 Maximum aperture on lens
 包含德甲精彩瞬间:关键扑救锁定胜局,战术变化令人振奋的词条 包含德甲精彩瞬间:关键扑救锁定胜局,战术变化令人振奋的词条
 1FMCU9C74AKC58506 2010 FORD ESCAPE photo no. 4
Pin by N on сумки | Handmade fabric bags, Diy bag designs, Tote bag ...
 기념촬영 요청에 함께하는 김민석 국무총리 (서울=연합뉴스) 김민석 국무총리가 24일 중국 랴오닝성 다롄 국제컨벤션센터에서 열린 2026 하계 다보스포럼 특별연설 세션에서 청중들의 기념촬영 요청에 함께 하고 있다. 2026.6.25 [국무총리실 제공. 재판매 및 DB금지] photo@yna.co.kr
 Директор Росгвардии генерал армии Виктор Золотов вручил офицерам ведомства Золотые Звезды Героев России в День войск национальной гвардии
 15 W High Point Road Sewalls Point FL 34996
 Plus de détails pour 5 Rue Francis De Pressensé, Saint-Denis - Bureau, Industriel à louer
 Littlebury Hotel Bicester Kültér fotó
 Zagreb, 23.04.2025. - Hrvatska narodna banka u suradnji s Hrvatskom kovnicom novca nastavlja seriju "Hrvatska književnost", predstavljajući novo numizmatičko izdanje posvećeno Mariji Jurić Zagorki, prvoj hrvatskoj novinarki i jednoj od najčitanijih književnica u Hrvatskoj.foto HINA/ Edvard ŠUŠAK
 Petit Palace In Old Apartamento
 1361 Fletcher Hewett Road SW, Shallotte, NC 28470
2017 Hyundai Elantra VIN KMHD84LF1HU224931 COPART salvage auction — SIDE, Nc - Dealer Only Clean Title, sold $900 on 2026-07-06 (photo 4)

The problem →
In the entries above, count the lines that include "Road" and write nothing but that number.

Reply to the task →
2